Now, it is even more clear that Bush made a huge tactical mistake by removing Saddam prematurely. By removing Saddam, he provided an excellent opportunity for Alqueda to expand, gain popularity among Muslims, recruit new memebrs and kill more Americans. Instead of Saddam, we are going to have a cleric Shiite government in Iraq. It will be very anti-American, but much stronger then Saddam's regime was. Saddam was like scorpion in a jar.


----------



## buckseye (Dec 8, 2003)

uke:


----------



## sevendogs (Sep 19, 2003)

buckseye said:


> uke:


  I guess, you did not like it. We are moving back to Middle Age time in our country. The education includes creationism, SS is being eliminated, we will see beggars singing near churches door steps, tortures are back in Iraq's prison and will be back on the US soil and our president has mentality not much different from Muslim extremists.


----------



## buckseye (Dec 8, 2003)

I don't think we are moving to the middle ages in this country but we certainly are visiting it in the middle east.

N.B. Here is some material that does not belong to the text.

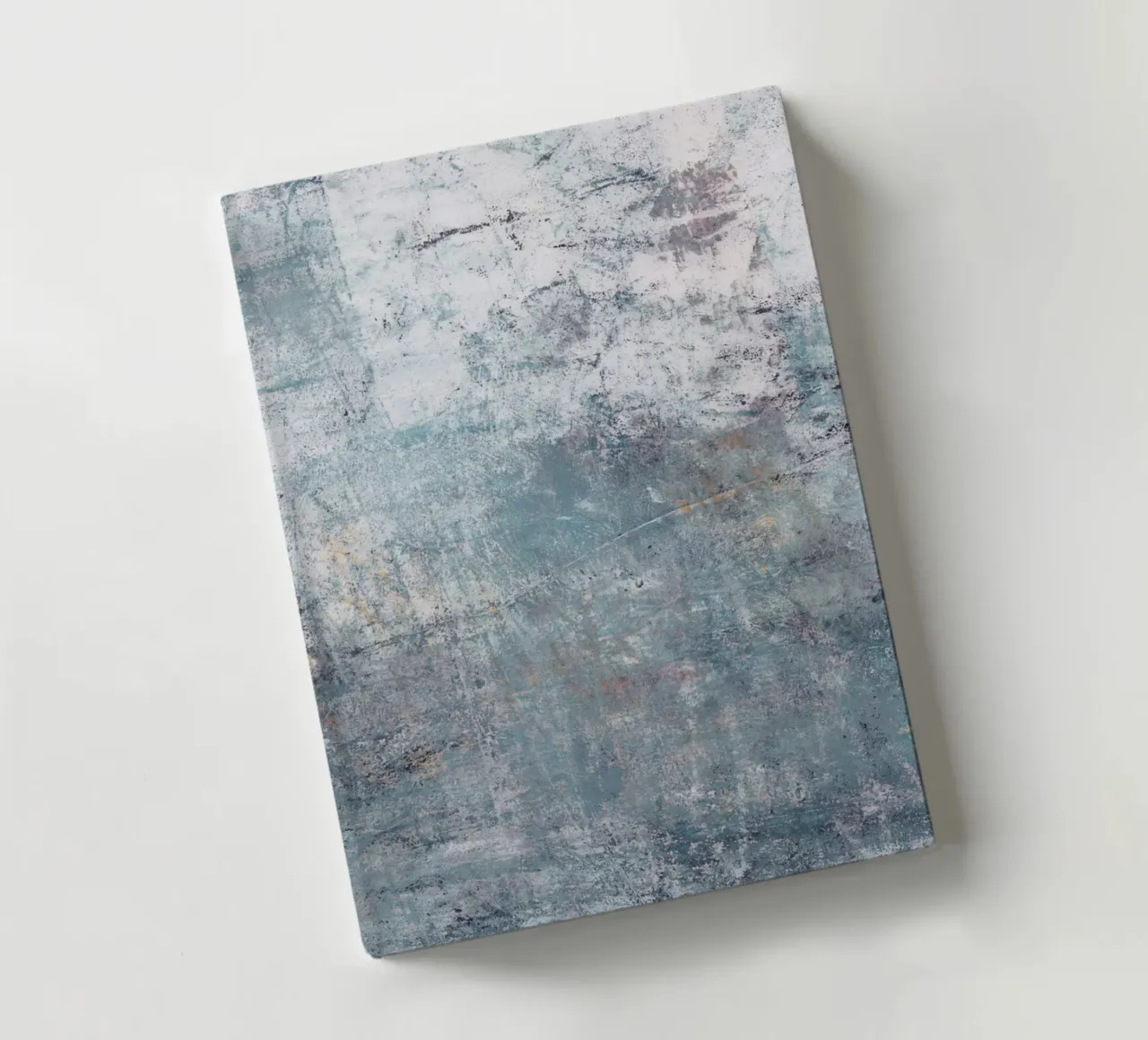 painted texture notebook by IRIS LEHNHARDT FINE ART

I don't know where you live but we are still seeing some modernization out here on the prairie. It's a cruel world man, somebody has to take charge and it just as well be the US don't you think?? 8)

That stuff has all been said it is to late to back up time, so now regardless of right or wrong we are in it and have to stay in it for the long run.

Yesterday is history and tomorrow is a mystery 8)


----------